Anti-hero | First Person Perspective | Harcourt | Hard-Boiled/Noir | Moderate Reading | Mystery | Organized Crime | Profanity/Gore | 10
Author: James Sallis
Rating: 10 (Brian's Scale)Reviewer: Brian
Genre: MysteryPublisher:Harcourt
Pages: 168Orig Pub Date: September, 2006
Binding: Paperback
Drive

FBS Quick Take
There are a lot of books on the market today that are lean and mean. Well, Drive by James Sallis has got to be the leanest and meanest of them all.

Drive is the story of a Hollywood stunt driver appropriately named Driver. He isn’t just a stunt driver though, he is the best. On the side he also is a top freelance getaway driver. He takes a job which goes very wrong, very quickly. He finds himself in a hotel room surrounded by dead bodies. With a duffel bag filled with money from the botched job he decides to seek revenge on those who turned on him.

I drive. That’s all I do. I don’t sit in while you’re planning the score or while you’re running it down. You tell me where we start, where we’re headed, where we’ll be going afterwards, what time of day. I don’t take part, I don’t know anyone, I don’t carry weapons. I drive.

When he walked, his arms flailed about and he shuffled. If he tried to run, often as not he’d trip and fall over. One thing he could do, though, was drive.
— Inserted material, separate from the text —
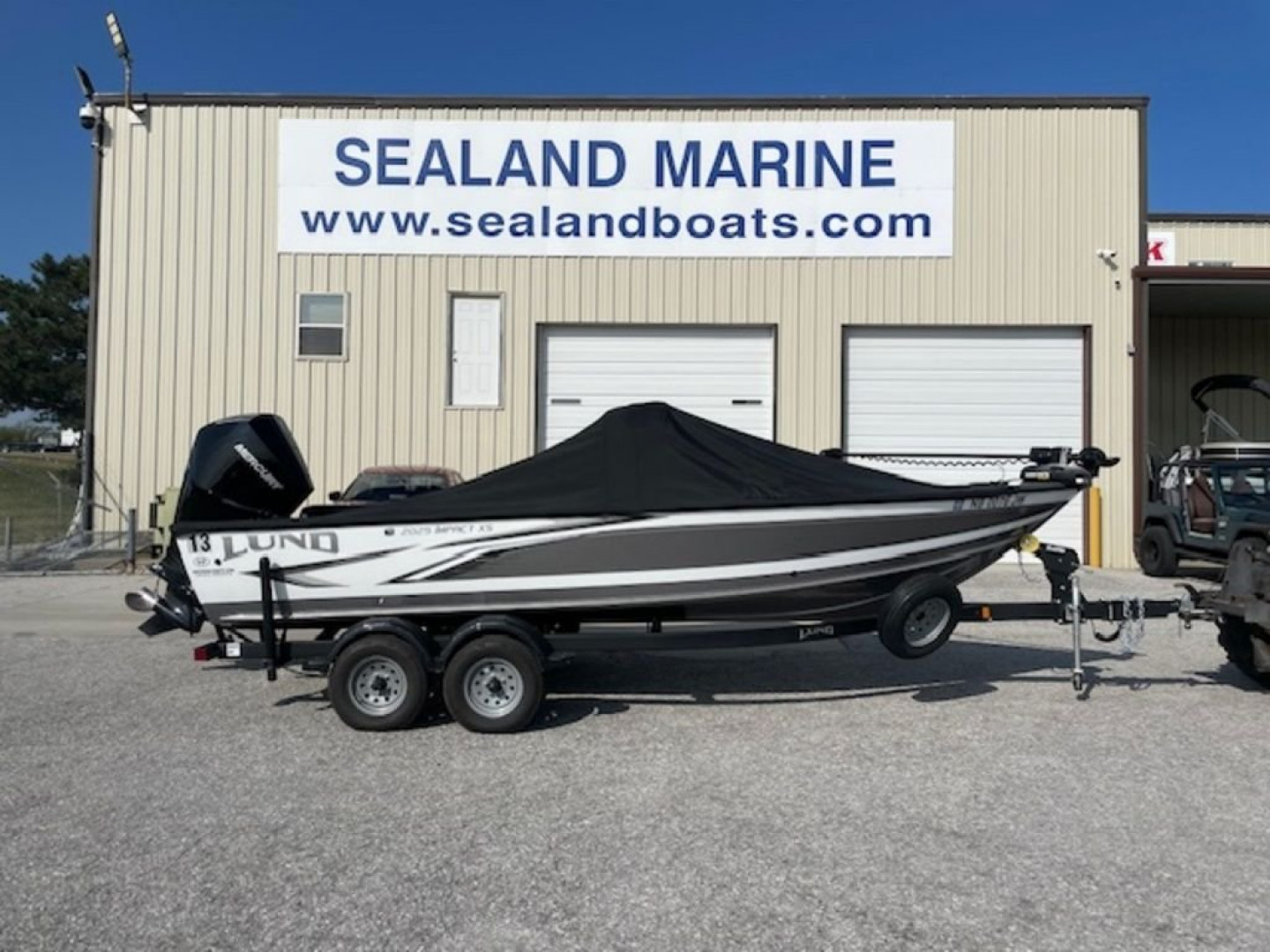 Used 2023 Lund 2025 Impact XS Sport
And he drove like a son of a bitch.

Drive is classically bleak noir; think films from the 40's & 50's, but is never oppressive in its telling. It’s interesting to note that when one looks for comparisons to Drive one inevitably gravitates towards film. If ever a book read like a film, this is it.

Maybe he should turn around. Go back and tell them that’s what life was, a long series of things that didn’t go down the way you thought they would.


Drive is told in quick successive chapters that would be equivalent to jump cut edits if it were a movie. All of the moments in the story are told out of order and it is only upon its completion that the final order of events is evident. This isn’t used a trick though to distract from a weak story. It enhances the story and perfectly compliments it in every way. Drive is a stylistic tour de force. Every moment in the story is carefully chosen by Sallis to reveal those parts of the story and of Drivers life that resonate with intensity and insight. Like a poet carefully deliberating then choosing the right word, the one that will have multiple meanings and reveal hidden depths under the guise of perfect clarity, Sallis tells the story of enigmatic Driver with a surgical precision. Despite its length it is a complex and interwoven narrative that bounces across the timeline of Drivers life with startling clarity.


She had one ear off and a wide red mouth drawn in his throat before he could set his coffee cup down.

Possibly reflecting Sallis' own dealings with Hollywood Drive is at time a vicious satire of the Hollywood studio system. While waiting for his scenes to be shot Driver has a lot of downtime on set, he spends it with bit actors, assistant directors, script doctors and failed novelists. There are anecdotes traded that act as thinly veiled observations of the ways in which movies are made.

Uniformed Catholic schoolgirls waited for buses across from lace, leather and lingerie stores and shoe shops full of spike heels size fifteen and up.


With an economy of words that is closer to poetry then prose Drive exists in the shadows and recesses. Like Miles Davis's classic album Kind of Blue which derived its power not only from the notes that were played but also from the space between the notes, Drive uses a kind of negative space to help define the narrative. What’s not said is as equally important as what is said.


The cover of the trade paperback version is covered with blurbs that exhort one to buy this book. There are times when such praise is unwarranted or hyperbolic in nature, this is not one of those times. Drive is perfect and deserving of all the praise and attention that is heaped at its feet.